Common sense though this may seem - and while the evening news has also covered relevant drought stories numerous times - it's easy to get caught up in how a rising price could be affecting one's personal situation. Therefore, it's also easy for political factions and special interests to shift blame to the wrong places. The frustration for many a market monetarist is the degree to which rising prices such as this - which are so often a result of supply side factors - continue to misguide central bankers.

As a result, when central bankers react to consumer frustration by tightening money supply, less money all around is available for the everyday economic activities which were already in progress. It becomes more difficult for people to coordinate the money that remains in the system at any given moment.
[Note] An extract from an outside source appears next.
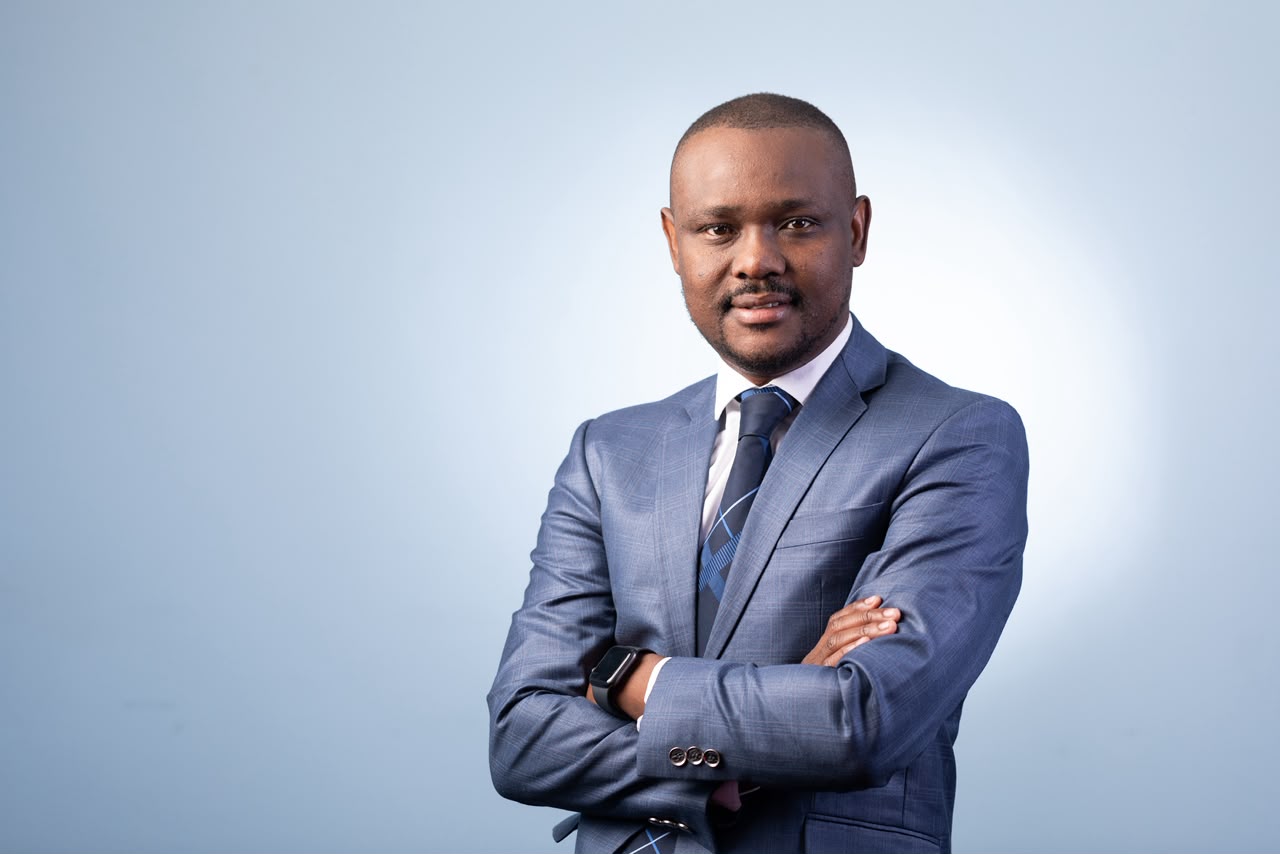 Mothusi Molokomme in a blue suit and tie.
The fact that less money is available in the specific time intervals it is actually needed, only further destabilizes the economy. And yet, central bankers often attempt to rectify supply side circumstance which are out of their control. The sad part is that not enough central bankers think in terms of nominal stability. As a result, they are now inclined to "side" with the frustrated shopper, to the detriment of all.
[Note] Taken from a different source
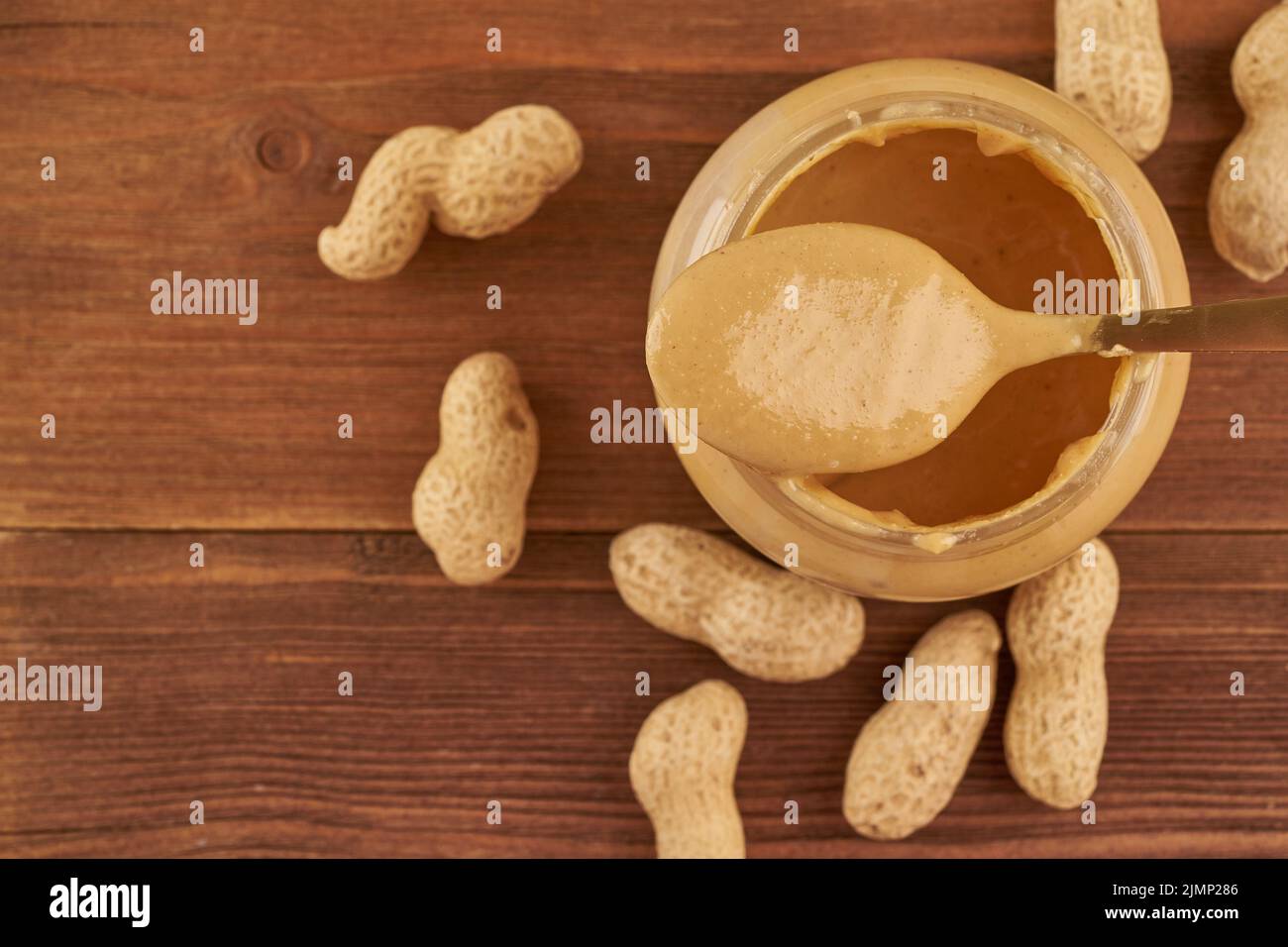 An Open Jar Of Peanut Butter With Spoon Stock Photo, Picture and Royalty  Free Image. Image 13094043.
In other words, normal "moving parts" of  the economy can either be shortchanged or over represented, when resources and assets of random quantity are given too dominant a role in monetary policy calculations. Of course this rationale may not satisfy the consumer. Why aren't food prices a part of core inflation, the shopper wants to know? Because the central bank could throw up its hands and tighten money supply further, yet the shopper is still likely to end up with the aggravating price tag in spite of it all. If that were not enough, more jobs and businesses have bit the dust in the meantime.
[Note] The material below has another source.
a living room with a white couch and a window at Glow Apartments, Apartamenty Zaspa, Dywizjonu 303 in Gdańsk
There's other ways to think about the situation. It was interesting to me that the above mentioned shopper expected the price of her food to make up for (what are in fact) artificial limitations on services supply - as opposed to the real limitations in food production which were making her grocery bill higher. How could she be expected to consider, that artificial service and knowledge use limitations were the greater culprit? Without such knowledge, what country is not going to have a population which is resistant to price increases of any kind, controllable or not?

New readers could readily mistake my argument as a need to reduce services. However that is not the point I wish to make. What is important, is changing the way services are structured, so that they can actually grow in importance and scope. If services could be coordinated in local marketplaces through direct patterns (instead of the limitations of taxation and redistribution), many of them would no longer have to remain on the negative side of the ledger, in national accounting terms. That would make services true wealth, instead of the present day subtraction from wealth that has taken away so much hope for the future.

More people need to be actively participating in the economy on a regular basis. The more that everyone has stake in ongoing economic activities, the greater the ability for nations to overcome supply side shocks of all kinds. If the grocery store shopper does not have to worry so about the costs of college and whether her children can make their way in the world, the price of that package of beef is not going to seem like such a big deal.